Although Connecticut’s overall population remained relatively stable through the last 10 years, the 2020 census recorded a shift in population which grew in Fairfield County and dwindled in eastern Connecticut. In order to ensure each district has roughly 721,000 residents, the new plan must move more than 21,000 people into the under-populated 2nd District while removing more than 25,000 people from the crowded 4th District. 

Ahead of this week’s hearing, Democrats and Republicans both submitted separate plans that make modest changes to even the populations of the districts. One of the largest deviations in the two plans involved the city of Torrington, which Democrats proposed leaving split between the 1st and 5th Districts and Republicans called for moving entirely into the 5th but displacing more residents from the current district in the process. 

However, Republicans urged the court to consider more drastic alterations including reducing the contorted shape of the 1st District, known as the “lobster claw.” 

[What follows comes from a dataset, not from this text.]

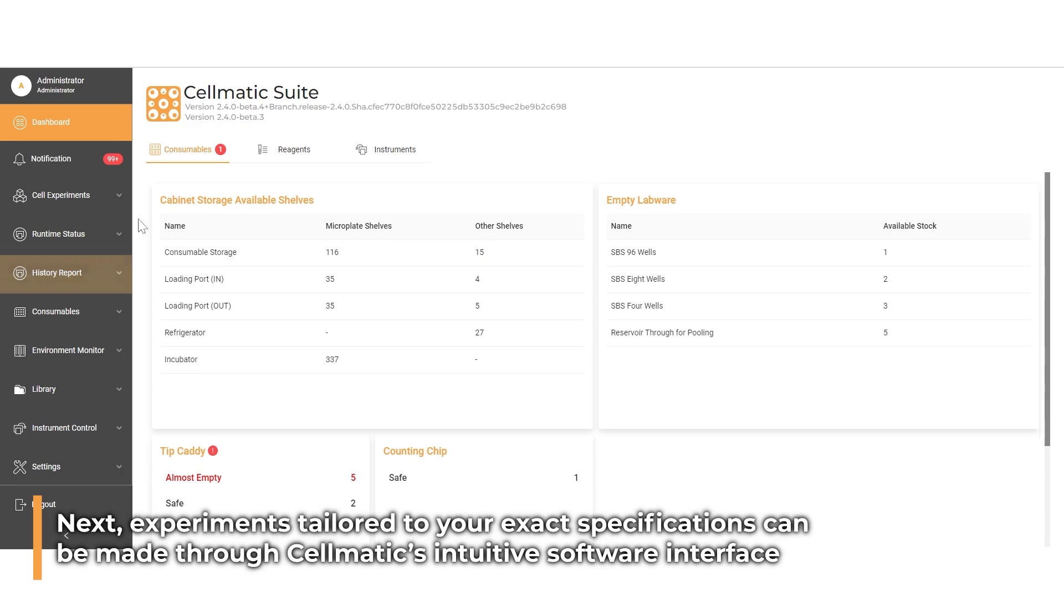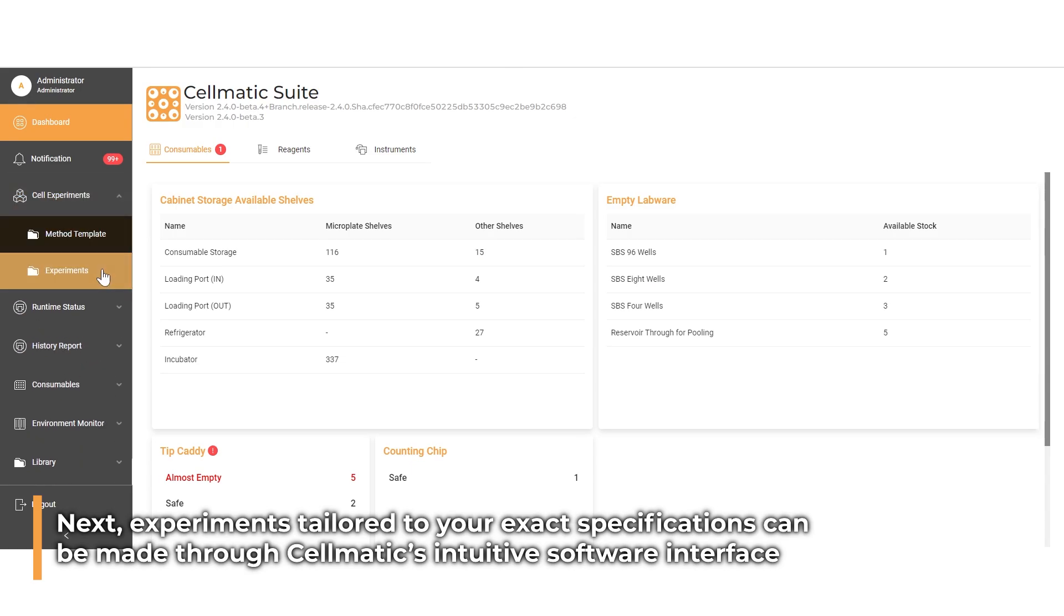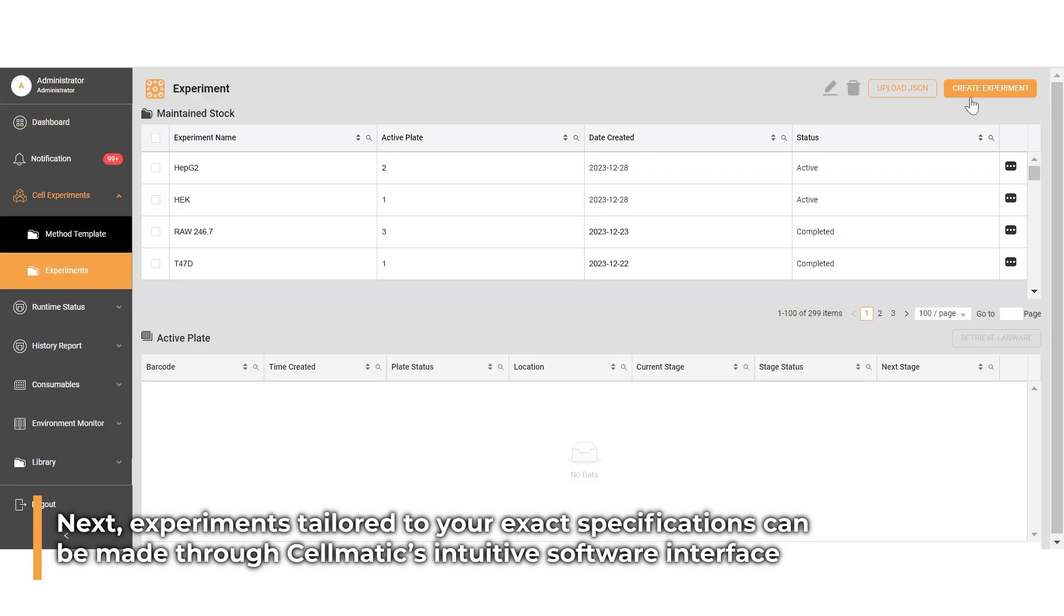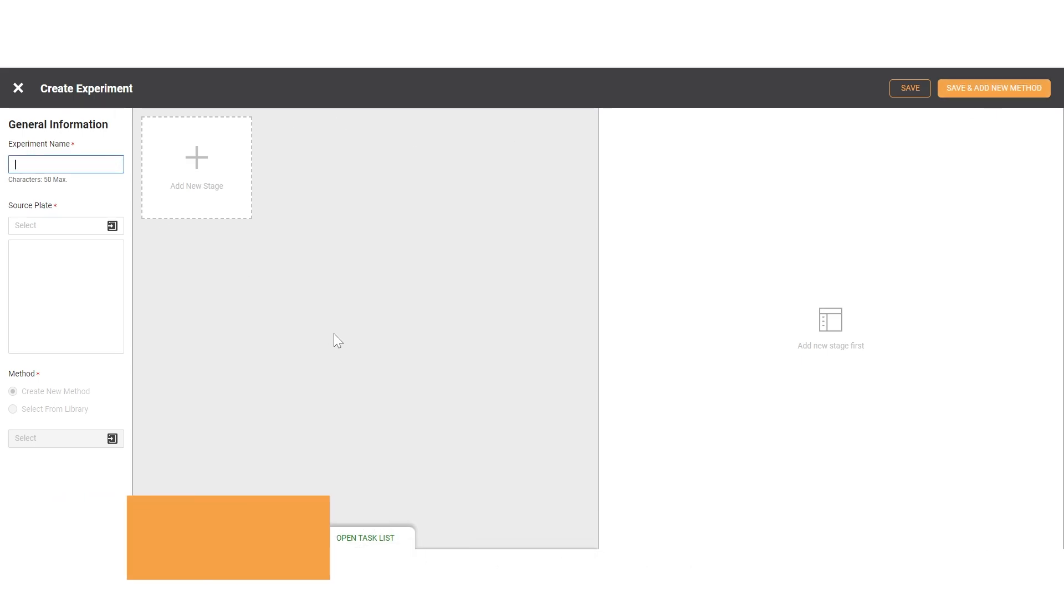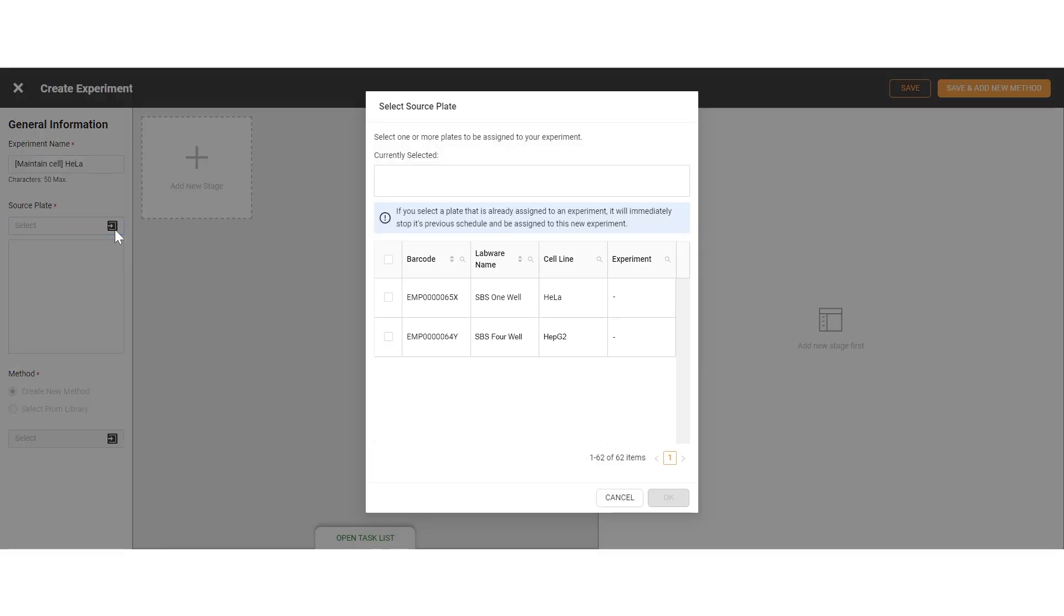Users can input comprehensive information regarding the plate's content and conveniently select the optimal storage location. Next, creating experiments tailored to your exact specifications is made effortless through Cellmatic's intuitive interface.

Persily said Republicans were free to make their argument to the court. However, the court order restricts him from producing a map with dramatic changes to the current districts. Still, he urged the commission to reach their own agreement, if possible. 

“Because I can tell you from my experience, having done this many times, sometimes I come up with a plan that displeases everybody,” he said. 

The special master has until Tuesday, Jan. 18 to submit a plan to the court. The court expects to finalize a map by Feb. 15.